Our estimate is more than 50 elephants killed with military weapons south of Opala, in the Lomami landscape, during 2015.

Day one:
The bevy of lawyers tried to throw out the case against Capt Bosongo : where was the ivory? (The Colonel who recorded the case at the military prosecutor’s office fled with the ivory to Kinshasa when his superior, General Basekay put him under pressure. The ivory was deposed at the high military court in Kinshasa).

is this your signature
“Is this your signature?,” Captain Malenge confronts Captain Bosongo.

The president of the tribunal, Capt Nseba Malenge, asked Captain Bosongo if he had indeed signed the deposition. “Yes,” he admitted, but then added that he did it under threat of being killed by the top military judge. Independent investigation showed that no military judge was present at the signing of the deposition.

Day two:

Court is in session
The court resumes.

Lieutenant Asumani insisted that it was not his signature on the testimony although he said that he had been questioned by the military police. The OPJ (judicial police) was called to testify. He affirmed that questioning had occurred and that Lt Asumani had signed.

I was obeying my superior
Lieutenant testifies: I just obeyed my superior.

The OPJ confirmed the lieutenant testified under oath that he had taken the ivory to the personal residence of General Basekay as the general himself had instructed him to do.

Paulin testifies as Lt Asumani listens
Paulin Tshikaya of ICCN testifies

The provincial Director of the Parks Institute, Paulin Tshikaya of ICCN, was asked to testify as he had written a warning letter citing the names of the various officers that were later apprehended with ivory in their possession.
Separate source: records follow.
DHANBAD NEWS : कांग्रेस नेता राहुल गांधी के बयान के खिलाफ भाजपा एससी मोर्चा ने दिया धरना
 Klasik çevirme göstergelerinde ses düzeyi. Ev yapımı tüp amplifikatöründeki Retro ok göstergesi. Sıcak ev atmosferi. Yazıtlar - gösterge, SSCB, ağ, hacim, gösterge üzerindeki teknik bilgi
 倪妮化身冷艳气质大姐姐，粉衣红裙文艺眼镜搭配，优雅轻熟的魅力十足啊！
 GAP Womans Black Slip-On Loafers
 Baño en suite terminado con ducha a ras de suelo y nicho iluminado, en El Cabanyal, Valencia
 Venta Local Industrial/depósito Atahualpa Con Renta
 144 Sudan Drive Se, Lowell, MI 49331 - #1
Paulin cited his own network of informants as revealing to him not only who was supplying arms and ammunition but also where the elephants were and who the actual poachers were.

bringing defendants to open court
Each day the defendants were picked up at the prison, delivered to the post office, then returned to the prison.

At this point General Basekay’s name had been brought before the public, published in the press, and was well known in the capital, Kinshasa, where this trial was being carefully followed.

The bevy of lawyers started using stall tactics. What cases should be heard together? What charges should be admitted? Was the actual composition of the tribunal correct? They had the president replaced…

Word came from Kinshasa. General Basekay was stripped of authority. His second, General Kabundi, assumed command.

The open court was only to last 10 days. The lawyer horde managed to move it away from the public. The post office steps went quiet. The judgments were delayed. The defendants were back in jail and waiting. It seemed that the tactics of Basekay’s lawyers for continual postponement would succeed. The public and the top military would forget and move on to other preoccupations.

In the meantime, pleading illness, General Basekay slipped to Kinshasa.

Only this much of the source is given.